The Christmas card has been travelling since 1956.

A WATERFORD friendship hit national headlines this week for an unusual Yuletide correspondence between two women. Eunice Baily and Clare Brazil were both boarders in the Ursuline Convent school in 1956. It was then that Eunice first gave a Christmas card to her friend Clare.

Over 63 years, the pair have remained in contact and the exchange of a yearly Christmas card has happened every single year. One thing gives this story a little twist, however, each year the same Christmas card is exchanged. It now has three additional sheets of paper inside the card, bound by thread, making what was originally a Christmas card, now into a Christmas booklet of sorts.

Over the years, what has unfolded has been short snippets of insight into the life of each woman.

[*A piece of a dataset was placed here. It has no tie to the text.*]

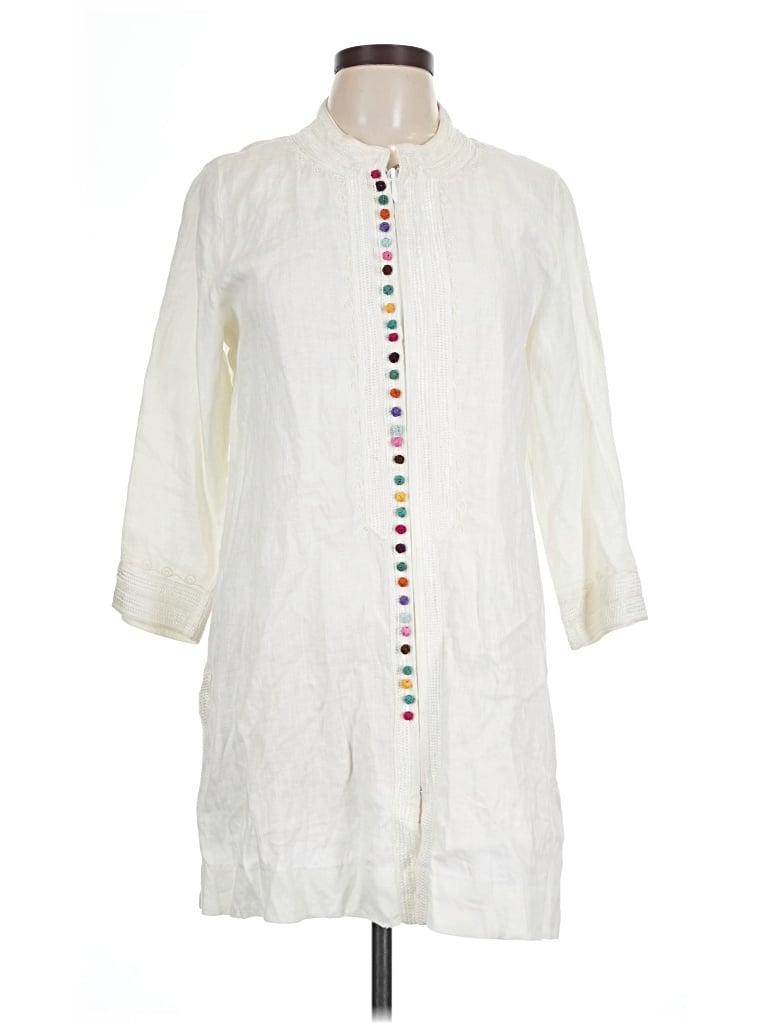Pre-owned Soft Surroundings Raincoat In White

With only a few lines written by both women each year, the card offers highlights of the various moments of importance in the lives of each woman.

In 1961, five years on from the inaugural Christmas card, Eunice writes: “Don’t dream of losing this at this stage! I’m hoping it will be in circulation when we’re grandmothers – but we’ve to get husbands first!”

In 1996, Eunice’s mother sadly passed away. The card that year reads, “To dear Clare. It is the only card I’ve sent on this card’s 40th anniversary, as my mother died this sad year. Love Eunice.”

Correspondence like this is rare and serves as a time capsule of a changing Ireland and the progression of two separate lives, intertwined through the art of correspondence writing. The original card came from the Pioneer Total Abstinence Association and the black and white design featuring the three wise men speaks of an era before cards were adorned with glitter.

One Christmas card has seen hopes, dreams, loves and losses and this year, it leaves the Déise to travel to Dublin, a Christmas message carrying much more than words.